*WORK INSTRUCTIONS*
Exactly reproduce the lines from the one containing "this 799×535 image." through the last line of the data, both ends included, leaving out pictures.

[Data items]
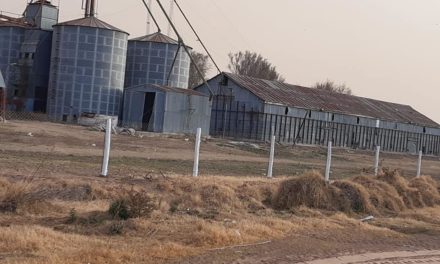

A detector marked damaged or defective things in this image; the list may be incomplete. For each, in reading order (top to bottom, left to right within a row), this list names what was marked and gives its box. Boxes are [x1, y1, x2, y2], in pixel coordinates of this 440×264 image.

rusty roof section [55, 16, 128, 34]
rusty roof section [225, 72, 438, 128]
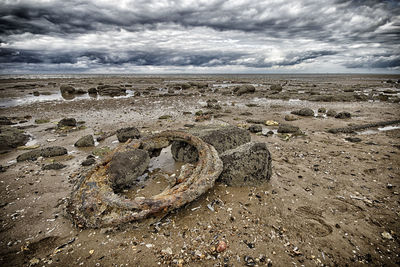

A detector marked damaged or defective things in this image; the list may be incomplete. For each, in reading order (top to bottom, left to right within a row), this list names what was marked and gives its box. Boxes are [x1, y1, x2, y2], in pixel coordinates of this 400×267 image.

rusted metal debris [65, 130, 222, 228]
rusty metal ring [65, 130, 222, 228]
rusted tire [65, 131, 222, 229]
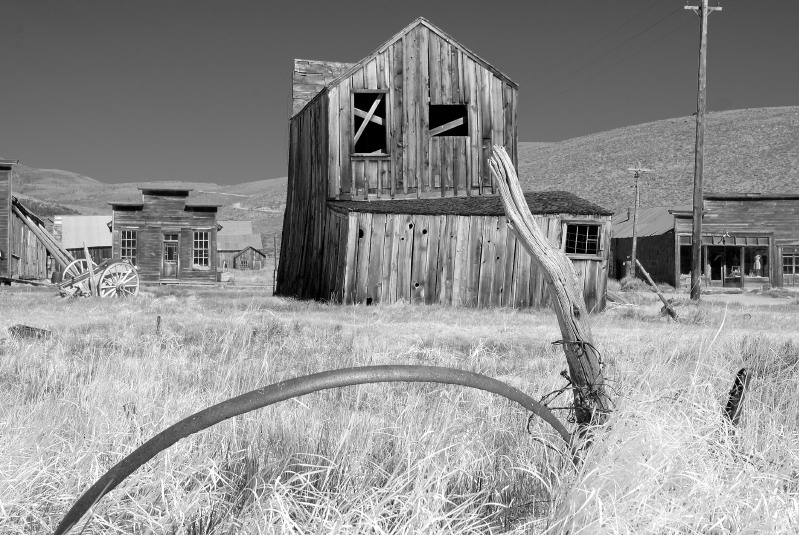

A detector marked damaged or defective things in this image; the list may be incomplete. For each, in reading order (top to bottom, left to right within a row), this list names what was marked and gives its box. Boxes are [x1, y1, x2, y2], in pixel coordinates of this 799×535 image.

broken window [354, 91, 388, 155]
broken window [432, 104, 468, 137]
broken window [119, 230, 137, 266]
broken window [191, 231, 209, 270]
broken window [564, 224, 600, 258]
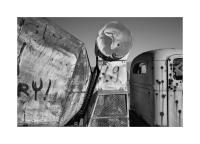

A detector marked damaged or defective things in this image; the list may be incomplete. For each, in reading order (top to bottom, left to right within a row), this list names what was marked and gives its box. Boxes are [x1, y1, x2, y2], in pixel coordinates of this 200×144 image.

*RESPONSE BELOW*
A detector marked damaged or defective things in this image; the list may be incomplete. For each, in reading order (top to bottom, left to right within a row), this list names what was marked and gives its box. Boxes are [x1, y1, x2, y2], in pixel coordinates of this 799×535 image.

broken window [354, 91, 388, 155]
broken window [432, 104, 468, 137]
broken window [119, 230, 137, 266]
broken window [191, 231, 209, 270]
broken window [564, 224, 600, 258]

A detector marked damaged or defective things in this image; the list may be incomplete. For each, in reading order (top to bottom, left to right within a row), this list names what was marked and gives its box. Boxes are [x1, y1, x2, y2], in pixel coordinates of this 200×144 image.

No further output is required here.